* **Exercise details**: Determine the count of lines in the data below that include the word "Blouse", and give nothing besides it.

** Records for processing follows **

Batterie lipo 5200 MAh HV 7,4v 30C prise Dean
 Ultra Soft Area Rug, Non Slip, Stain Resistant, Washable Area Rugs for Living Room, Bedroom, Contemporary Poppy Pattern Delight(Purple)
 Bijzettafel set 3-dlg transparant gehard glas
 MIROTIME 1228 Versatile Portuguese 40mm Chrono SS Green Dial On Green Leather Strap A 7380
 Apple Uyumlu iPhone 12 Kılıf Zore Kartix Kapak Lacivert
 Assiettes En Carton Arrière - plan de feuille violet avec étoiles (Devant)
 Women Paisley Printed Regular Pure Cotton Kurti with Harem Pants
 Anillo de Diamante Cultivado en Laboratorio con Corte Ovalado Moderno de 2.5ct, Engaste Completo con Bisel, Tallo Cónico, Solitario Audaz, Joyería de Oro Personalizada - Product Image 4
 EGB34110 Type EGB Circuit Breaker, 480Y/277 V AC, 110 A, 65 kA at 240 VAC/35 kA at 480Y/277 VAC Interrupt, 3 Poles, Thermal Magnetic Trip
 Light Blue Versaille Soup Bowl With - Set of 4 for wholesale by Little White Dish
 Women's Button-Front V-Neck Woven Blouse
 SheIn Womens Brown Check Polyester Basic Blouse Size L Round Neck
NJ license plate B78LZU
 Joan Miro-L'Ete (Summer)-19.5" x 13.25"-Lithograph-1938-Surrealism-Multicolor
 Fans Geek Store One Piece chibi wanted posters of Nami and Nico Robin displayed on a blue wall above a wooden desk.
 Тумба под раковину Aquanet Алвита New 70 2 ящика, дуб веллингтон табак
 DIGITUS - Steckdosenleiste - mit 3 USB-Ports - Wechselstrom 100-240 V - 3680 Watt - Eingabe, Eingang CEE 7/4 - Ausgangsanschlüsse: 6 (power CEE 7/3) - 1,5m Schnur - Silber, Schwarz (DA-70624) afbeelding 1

** End of Records for processing **

* **Task answer**: 2